We can use $\texttt{HashSet}$ to store linked list nodes.

1. Traverse the linked list $\textit{headA}$, and add each node in the linked list $\textit{headA}$ to the $\texttt{HashSet}$;

2. Traverse the linked list $\textit{headB}$. For each node traversed, check whether the node is in the $\texttt{HashSet}$.

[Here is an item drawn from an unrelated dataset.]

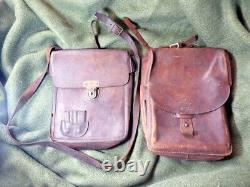 Original WW2 World War 2 Imperial Japanese Army Leather Bag 2 bags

• If the current node is Not in the $\texttt{HashSet}$, continue to traverse the next node;

• If the current node is in the $\texttt{HashSet}$, then all nodes starting from the current node are in the intersection of the two linked lists. Therefore, the first node traversed in the linked list $\textit{headB}$ is the node intersected by the two linked lists.

• If all the nodes in the linked list $\textit{headB}$ are Not in the $\texttt{HashSet}$, the two linked lists do not intersect and $\textit{null}$ is returned.

## Analysis

• Time Complexity: $O(m + n)$
• Space Complexity: $O(m)$

# Two Pointers

If $\textit{headA}$ or $\textit{headB}$ is empty, they cann’t intersect each other.

If both $\textit{headA}$ and $\textit{headB}$ are not null, we can use Two Pointers $\textit{pA}$ and $\textit{pB}$ which point to the head nodes $\textit{headA}$ and $\textit{headB}$.

Then traverse each node of $\textit{headA}$ and $\textit{headB}$ with $\textit{pA}$ and $\textit{pB}$.

• We needs to update the pointers $\textit{pA}$ and $\textit{pB}$ at the same time.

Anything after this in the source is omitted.